**YOUR INSTRUCTIONS:** The answer must consist solely of the lines from the one containing "Когда приняли конституцию башкортостана." through the last line of the records below, repeated exactly, with all pictures omitted.

==== INPUT FOR THIS TASK ====

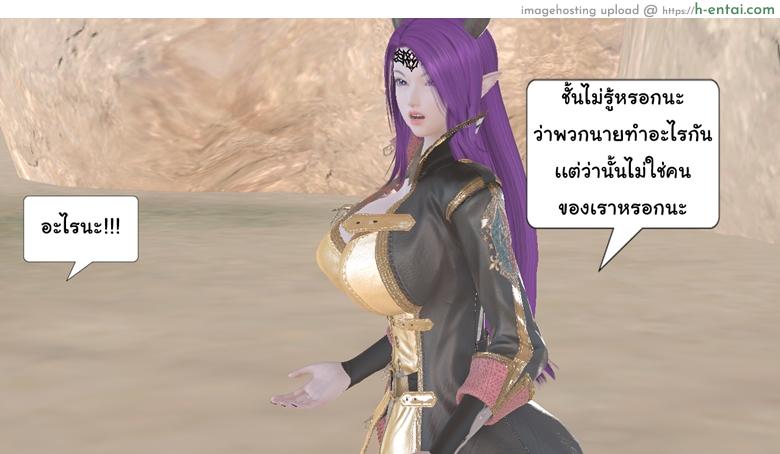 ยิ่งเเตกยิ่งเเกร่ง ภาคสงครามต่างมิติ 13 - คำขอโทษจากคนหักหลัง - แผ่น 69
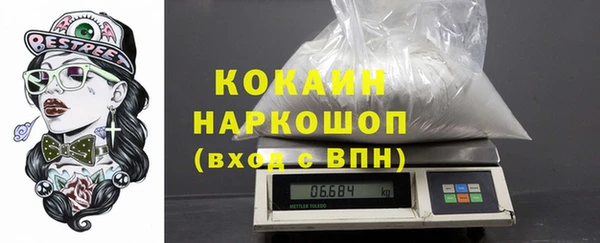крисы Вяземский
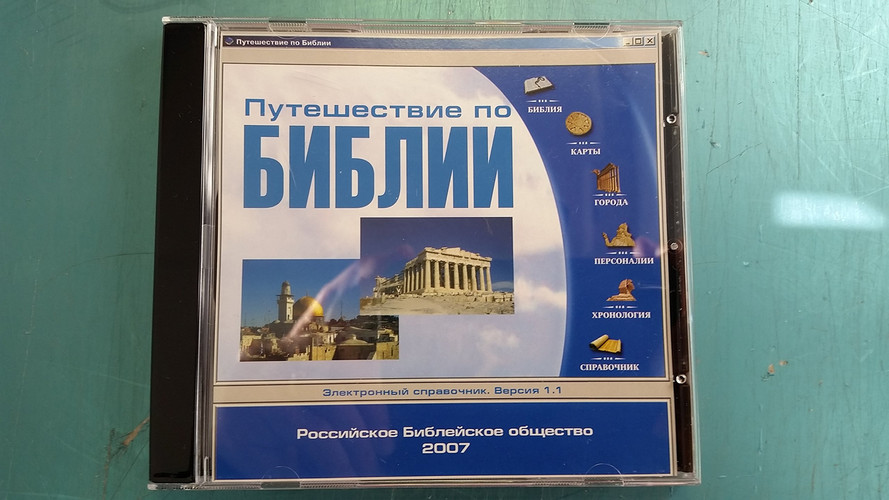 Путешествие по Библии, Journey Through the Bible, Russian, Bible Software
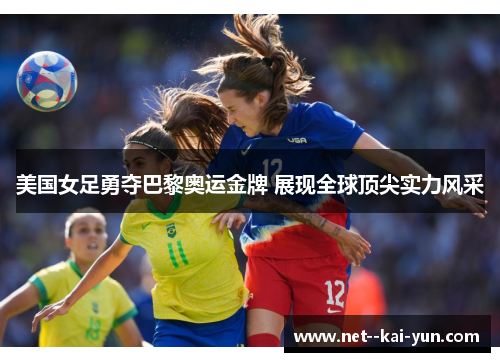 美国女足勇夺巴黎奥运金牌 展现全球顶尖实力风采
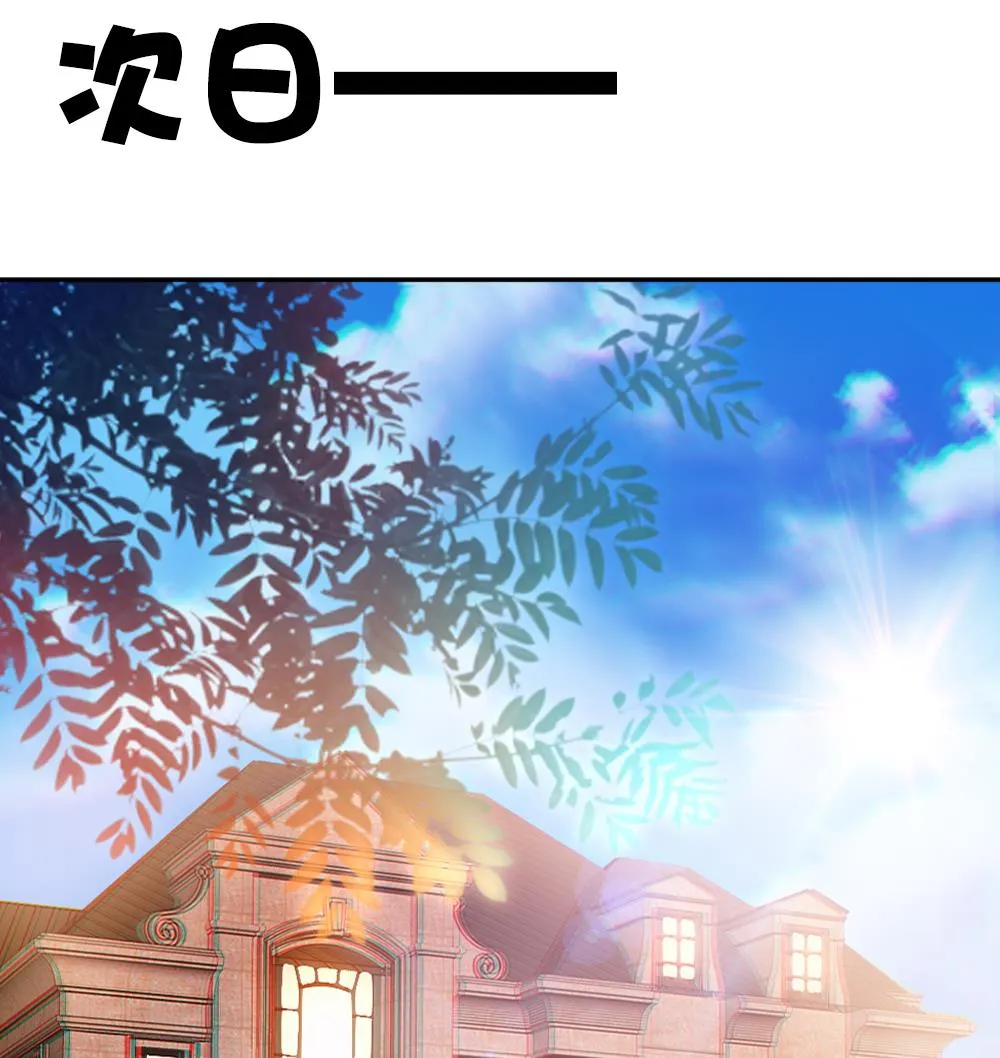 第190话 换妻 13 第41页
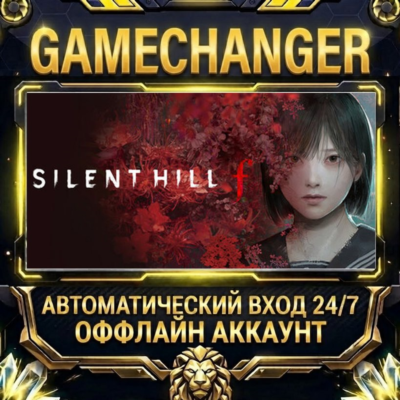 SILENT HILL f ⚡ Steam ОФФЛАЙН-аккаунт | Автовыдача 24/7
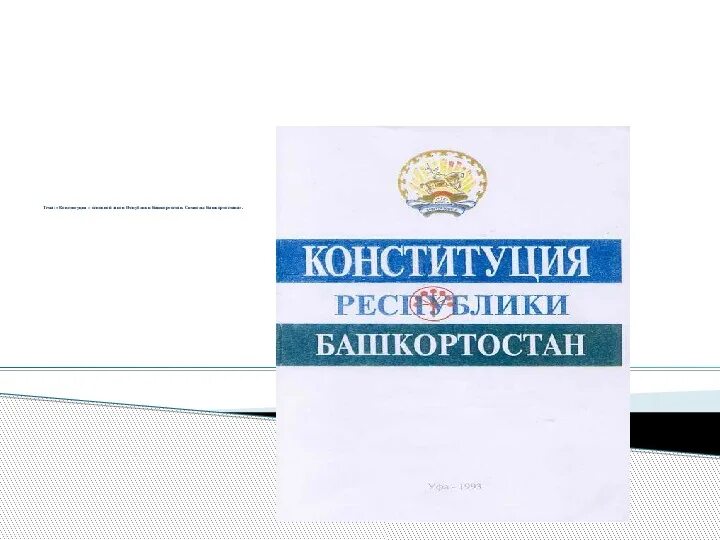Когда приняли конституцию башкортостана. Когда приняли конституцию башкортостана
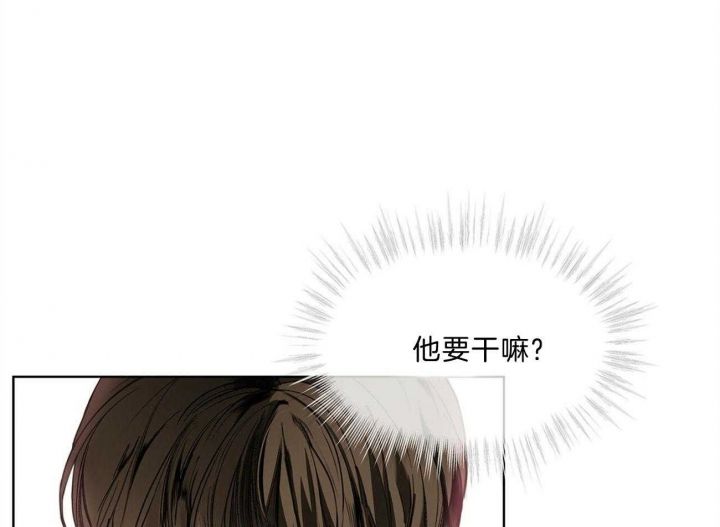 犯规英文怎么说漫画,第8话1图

====

**WRITTEN SOLUTION:**
Когда приняли конституцию башкортостана. Когда приняли конституцию башкортостана
 犯规英文怎么说漫画,第8话1图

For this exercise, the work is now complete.